February 29, 2012 Posted by | Ethics, Health Care | , , , , , , , , , | 2 Comments

With Newt in Virginia


Cover of "With Lee In Virginia: A Story O...

Cover via Amazon

In response to Newt Gingrich‘s allusion to Pearl Harbor as a parallel to his campaign failure in Virginia, I offer the preface to a book called “With Lee in Virginia (A story of the American civil war)”, written by G. A. Henty. Published by Hurst and Company, New York, it does not identify a publication date or claim a copyright. The inscription indicates that this copy has been in the family since January, 1901. Antiques Roadshow type stuff. It doesn’t look anything like the cover from Amazon.

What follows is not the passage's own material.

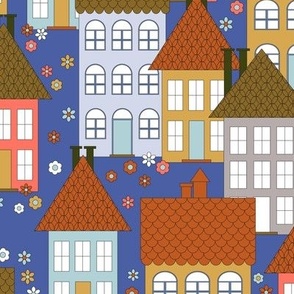 046 - Medium scale city of New York neighborhood style terraced houses  and buildings in burnt orange, dark blue, pale blue and mustard - for wallpaper, duvet covers, curtains and home décor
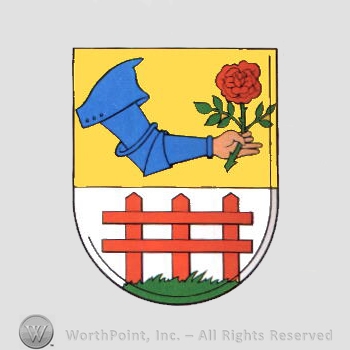 Heraldry: hand and a rose, wood fence, shield, grass.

I found Gingrich’s comparison to an infamous attack to be arrogantly dismissive of the tragedy and horror of war. His scapegoating was an insult to the courage and sacrifice of our citizen soldiers and their families, as well as a testament to the empty rhetoric of “personal responsibility” that is fundamental to the conservative desire to re-engineer America. He also demonstrated ignorance of relevant laws and outright contempt for rules that hinder his agenda in any way.

His failure in Virginia, and his response to it demonstrate conclusively that he should only enter the White House with a visitor’s pass and a Secret Service escort.

On a more personal note, I have called the present ideological battles a political civil war. I thought it would be appropriate to momentarily revisit that point in our history.

Yes, it really is all one paragraph in the book…

“My Dear Lads:
The Great War between the Northern and Southern States of America possesses a peculiar interest to us, not only because it was a struggle between two sections of a people akin to us in race and language, but because of the heroic courage with which the weaker party, with ill-fed, ill-clad, ill-equipped regiments, for four years sustained the contest with an adversary not only possessed of immense numerical superiority, but having the command of the sea, and being able to draw its arms and munitions of war from all the manufactories of Europe. Authorities still differ as to the rights of the case. The Confederates firmly believed that the States, having voluntarily united, retained the right of withdrawing from the Union when they considered it for their advantage to do so. The Northerners took the opposite point of view, and an appeal to arms became inevitable. During the first two years of the war the struggle was conducted without inflicting unnecessary hardship upon the general population. But later on the character of the war changed, and the Federal armies carried widespread destruction wherever they marched. Upon the other hand, the moment the struggle was over the conduct of the conquerors was marked by a clemency and generosity altogether unexampled in history, a complete amnesty being granted, and none, whether soldiers or civilians, being made to suffer for their share in the rebellion. The credit of this magnanimous conduct was to a great extent due to Generals Grant and Sherman, the former of whom took upon himself the responsibility granting terms which, although they were finally ratified by his government, were at the time received with anger and indignation in the North. It was impossible, in the course of a single volume, to give even a sketch of the numerous and complicated operations of the war, and I have therefore confined myself to the central point of the great struggle – the attempts of the Northern armies to force their way to Richmond, the capital of Virginia and the heart of the Confederacy. Even in recounting the leading events in these campaigns, I have burdened my story with as few details as possible, it being my object now, as always, to amuse, as well as to give instruction in the facts of history.
Yours sincerely,
G. A. Henty.”

As a bonus for those who were curious enough to slog through this post, I shall include an excerpt from the last page of the book (covering reconstruction):

“For the next three or four years times were very hard in Virginia, and Mrs. Wingfield had to draw upon her savings to keep up the house in its former state; while the great majority of the planters were utterly ruined. The negroes, however, for the most part remained steadily working on the estate. A few wandered away, but their places were easily filled; for the majority of the freed slaves very soon discovered that their lot was a far harder one than it had been before, and that freedom so suddenly given was a curse rather than a blessing to them.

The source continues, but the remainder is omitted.